Однако судя по разговору, это, пожалуй, была порядочная женщина, несмотря на ее жуткое обличье, и Николая отпустила больная мысль. Даже идти рядом с замарашкой было уже не так смутительно, как еще минуту тому назад.
– Скажите, Софья, вы любите стихи? – спросил вдруг Махоркин и посветлел.
Замарашка странно на него взглянула, и тут только он по-настоящему увидел ее глаза: один глаз был у нее карим, другой светло-серым, и оттого казалось, будто она смотрит мимо и при этом думает о своем.

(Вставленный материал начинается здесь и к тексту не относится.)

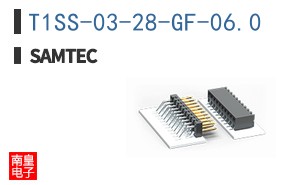 T1SS-03-28-GF-06.0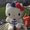 Photo of Cat S.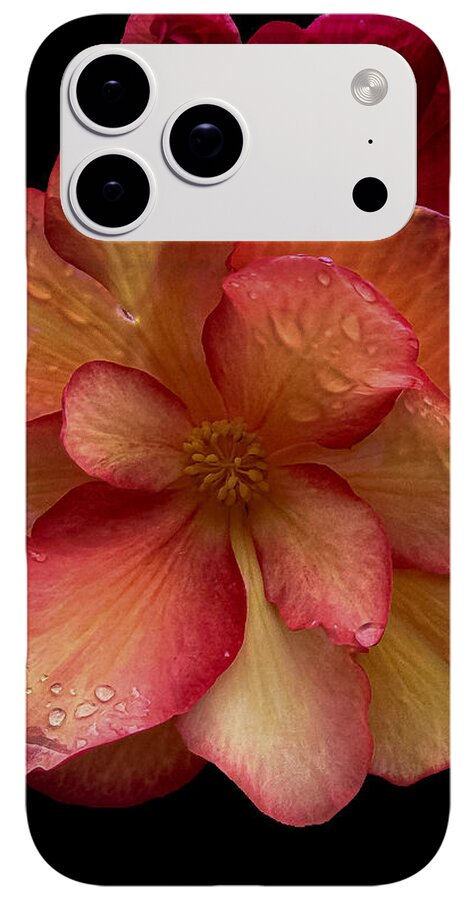 Dew-Kissed Blossoms on Black Background - Phone Case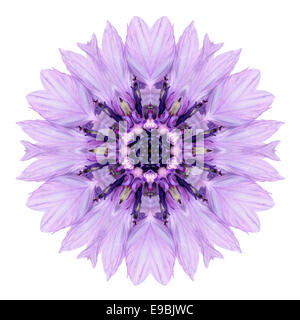 Fiordaliso viola Mandala fiore. Caleidoscopio di Centaurea cyanus isolati su sfondo bianco. Bellezze naturali specchiata patt Foto Stock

– Стихи?! – переспросила Соня Посиделкина и так приятно улыбнулась, что Николай даже не заметил в ее голосе некоторой издевки, – дескать, бывают же люди, которых занимает подобная чепуха.
– Ну да, стихи! Нормальный человек не может их не любить, хотя бы потому, что поэзия – разговорный язык богов!
Со стороны Москвы-реки потянуло холодным ветром, во втором этаже хлопнуло окно, замытое до такой степени, что оно казалось незастекленным, и разом запа́дала разноцветная листва, медленно и словно бы раздумчиво, как падает первый снег.
– По-моему, жизни вы не видели, – сказала Соня. – И поэтому у вас в голове разное баловство. Тут люди по три дня не едят! Алкоголики натурально помирают, пока не похмелятся валокордином! В другой раз всю ночь по городу бродишь, потому что переночевать негде! А у вас на уме разговорный язык богов...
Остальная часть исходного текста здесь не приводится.